A stamp or mark put on letters or other mailable matter received at the post
office for transmission through the mails (as defined by below). Black’s Law
Dictionary: Special Deluxe Fifth edition: St. Paul Minn WEST PUBLISHING CO.
1979.
Para.
2: The Court reads Para 2 as being applicable to the instant matter as well.
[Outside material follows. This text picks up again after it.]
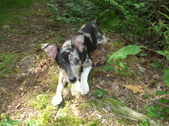 Enlarge photo 22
This case concerns an alleged referral of a proposed planning and zoning action
(creation of the CBM District by the implementation of Local Law 4) by the VPPB
to the RCPB, “…before taking final actions…”, on the proposed creation of the
CBM District.
By
reason of all the foregoing the referral requirements of GML 239-m are
applicable to the instant proceeding before the Court.
Para
3: Paragraph 3 defines the actions subject to the referral requirements of GML
239-m which include:
i.
“Adoption or amendment of a comprehensive plan pursuant to… section 7-722 of
the village law…”
ii.
“adoption… of a zoning ordinance or local law…”
Further
proposed actions that will likely apply to the proposed creation of the CBM
District by Local Law 4 include:
iii.
Issuance of special use permits.
iv.
Approval of site plans.
v.
Granting of use or area variance.
vi.
Other authorizations.
THE
CLAIM BY “CONCERNED RESIDENTS”.
The basic claim by “Concerned
Residents” is that Local Law 4 which changed certain zoning in the Village of
Piermont (hereinafter referred to as the Village or Piermont) is
“jurisdictionally flawed and therefore null and void” (NYSCEF 21, para 4). The
effect of Local Law 4 is that a new zoning district, the Central Business
Multi-Use District (CBM) is created within the Village. As a potential result,
Piermont Developers LLC ( the Developers) is seeking approvals for a new, three
story, fourteen (14) unit multiple dwelling (the Project) located at 447- 477
Piermont Avenue in the Village (Subject Property). The cause of action is that
Local Law 4 was enacted without “referring the legislation to the Rockland
County Department of Planning (County Planning Department) as mandated by
General Municipal Law 239-m.” (NYSCEF 21, para 7).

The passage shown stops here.